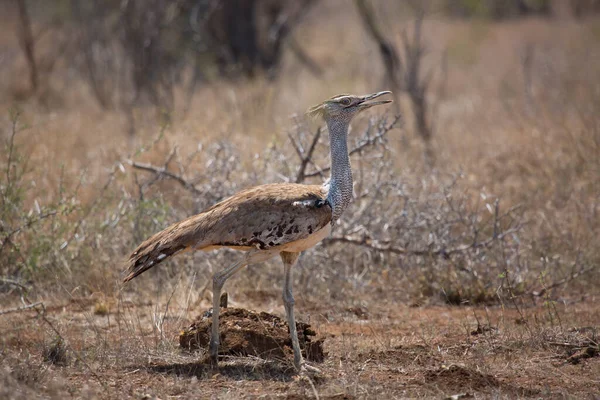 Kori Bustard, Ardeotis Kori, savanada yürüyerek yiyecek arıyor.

...

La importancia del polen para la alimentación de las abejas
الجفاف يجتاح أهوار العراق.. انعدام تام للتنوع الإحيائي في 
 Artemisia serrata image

Exercise instructions
From the records above, reproduce exactly the lines from the one with "الجفاف يجتاح أهوار" to the one with "Artemisia serrata image", both included, and no others.

Response to the task
الجفاف يجتاح أهوار العراق.. انعدام تام للتنوع الإحيائي في 
 Artemisia serrata image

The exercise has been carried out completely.